There is always room for improvement and they are free to bring new ideas while dispensing with patently fraudulent and ego driven policies and programs. But Projects that are in the best interest of the people like the University of Medical Sciences in Ondo State should not be abandoned for political and other flimsy reasons. For instance , for inexplicable reason and obviously in tandem with “Whatever my predecessor in office has done is bad syndrome” , the multibillion dollar Olokola Deep Seaport project initiated by the Gbenga Daniel administration in Ogun State was abandoned by his successor. That project if it had been continued would have added value to the country’s economy and partly solved the Apapa Port gridlock.

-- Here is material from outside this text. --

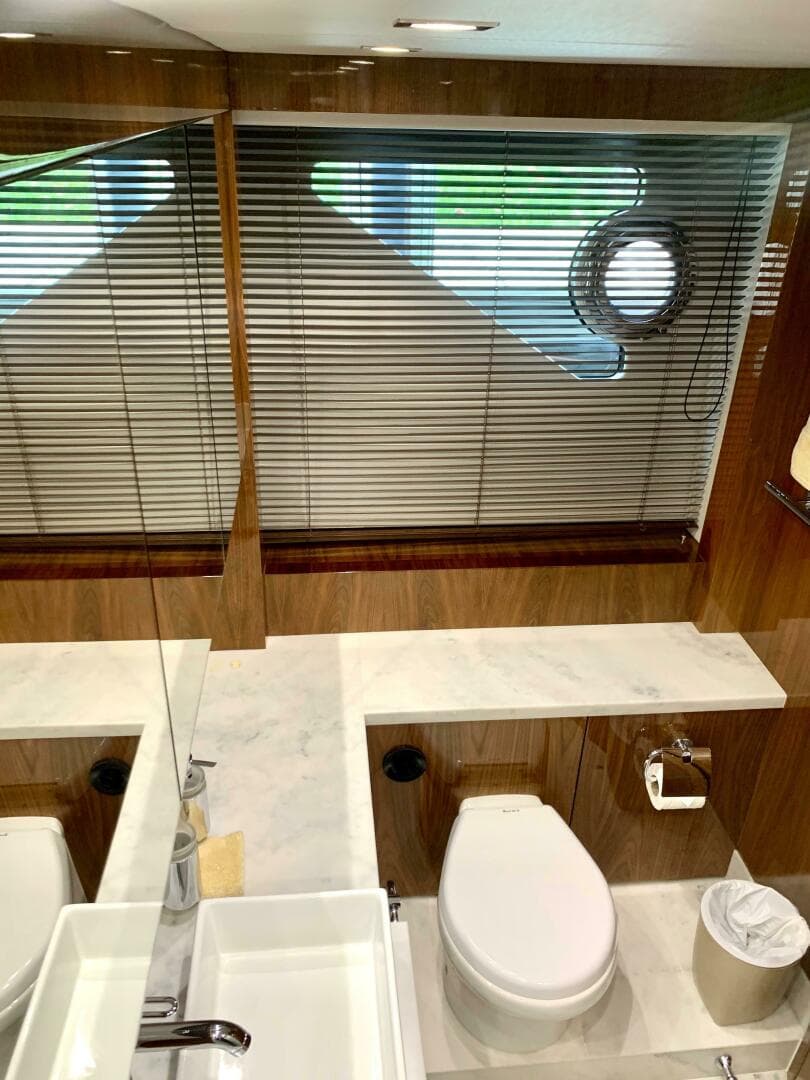 2016 Sunseeker Manhattan 65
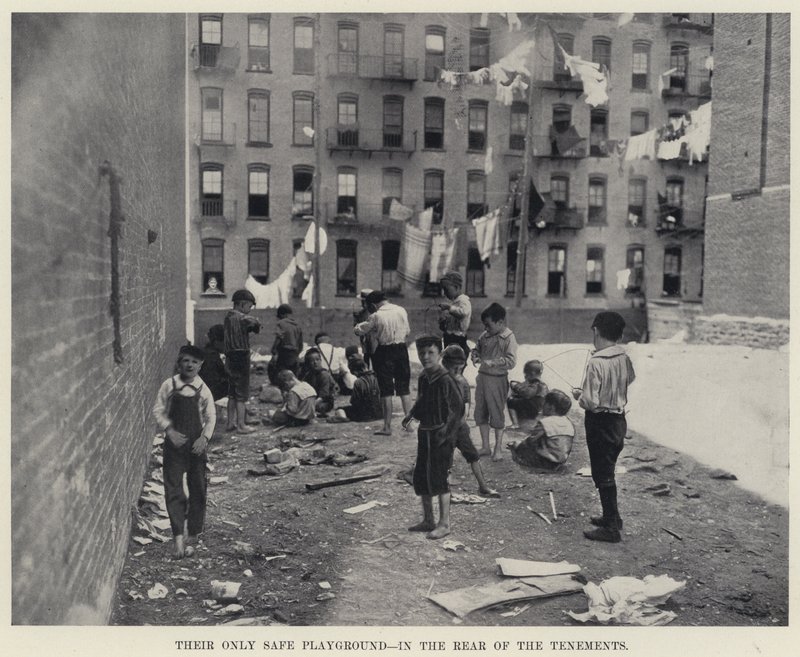 Ich jedyny bezpieczny plac zabaw na tyłach kamienic (zdjęcie czarno-białe) autorstwa American Photographer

According to an official of the World Bank ,one of the major problems bedeviling Nigeria , apart from corruption ,is the spate of abandoned projects all over the country. And they stem from the tendency of drivers of successive administrations to rubbish the policies of their predecessors and start afresh for purely egoistic reasons. In the process incalculable damage is done to governance and the economy. Billions of naira and dollars committed to such projects are wasted every four years. Ultimately the mass of the people who cannot afford to pay for their own private borehole , generate their own power , visit top range hospitals at home and abroad and send their children to private schools bear the brunt of such bad decisions as projects that should be providing such services have long been abandoned.